Sophie ROSTOPCHINE, plus connue sous le nom de la comtesse de SEGUR (1799-1874) a écrit de nombreux romans pour enfants. Des souvenirs de sa propre enfance difficile et de ce qu’elle a observé, elle a dressé des scènes au cours desquelles les enfants ne sont pas ménagés et souvent battus. Ses livres « passent mal » aujourd’hui mais de son temps, les punitions corporelles étaient courantes, brutales, excessives, voire arbitraires.
Dans « Pauvre Blaise », publié d’abord en feuilleton dans le magazine La Semaine des enfants en 1861, elle décrit l’épisode de la venue du comte de Frénilly à la ferme où travaille le petit Blaise. Le comte est le propriétaire de la ferme. Il attend la venue de l’enfant dans une pièce, tandis que ses camarades l’observent par la fenêtre, terrorisés car ils le prennent pour un ogre. Le comte saisit l’un d’eux et c’est alors que ses frères se précipitent pour empêcher qu’il soit dévoré, armés d’une fourche et d’un râteau, et le délivrent. Peu après, la fermière les reconduit, penauds, devant le comte :
« Il les attendait debout au milieu de la salle, les bras croisés et tenant une canne à la main. La fermière salua, balbutia quelques mots d’excuse et attendit que le comte parlât. « Approchez, polissons ! dit le comte d’une voix brève ; comment avez-vous osé me menacer de vos fourches ? ROBERT : J’ai cru que vous alliez manger Alcine ; c’est alors que nous avons foncé sur vous pour le dégager. FRANCOIS : Je vous prenais pour un ogre, tant vous aviez l’air sauvage et…mécontent. LE COMTE, à la fermière : Vous leur donnez de jolies idées sur mon compte. Je vous fais compliment de votre succès. Vous pouvez dire à votre mari qu’il n’a pas besoin de se déranger pour venir signer la continuation de son bail. Je vous renvoie à Noël. Et quant à ces maudits garnements, je leur apprendrai à me respecter. Et dégageant sa canne, il leur en donna quelques coups en disant : « Chacun son tour ; voici pour la fourche, voilà pour le râteau ! » Les pauvres enfants se sauvèrent en criant… »
D’autres auteurs ont évoqué les coups de canne donnés aux enfants. Louis DESNOYERS (1805-1868) est connu pour avoir écrit « Les Mésaventures de Jean-Paul Choppart », publié en 1834 et qui fit l’objet de nombreuses éditions révisées jusqu’en 1865, puis fut réédité jusqu’à nos jours, et même adapté pour le cinéma.
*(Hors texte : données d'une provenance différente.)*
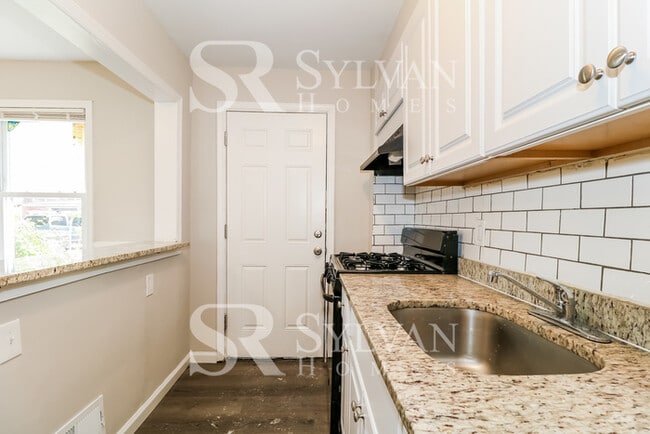 Building Photo - Enjoy low-maintenance living in this 2 bedroom, 1.5 bathroom townhome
Lors d’une querelle entre enfants, le jeune Jean-Paul se mêle à la bagarre jusqu’à ce que des hommes viennent séparer les combattants « en cinglant les plus acharnés de quelqued coups de fouet ou de mince baguette. Ce fut ainsi que Jean-Paul se sentit tomber sur le dos plusieurs coups de noisetier qui le pincèrent fort. » (p. 30 de l’édition Duval, 1926).
Ou encore Henri de REGNIER (1864-1936), qui, dans un conte intitulé « L’Acacia », publié dans « Le plateau de laque » en 1913, évoque l’agitation des enfants autour d’un acacia abattu dans un village : « Heurtaut, le garde-champêtre, menaçait de son bâton quelques gamins qui gambadaient en agitant à grands bras des branches fleuries. (…) Il allongea un coup de canne à un gamin qui s’approchait pour arracher une branche à l’arbre tombé ».
L’évolution des moeurs et de la législation font qu’aujourd’hui les châtiments corporels, qui plus est sur des enfants, sont aujourd’hui interdits et correctionnellement punis.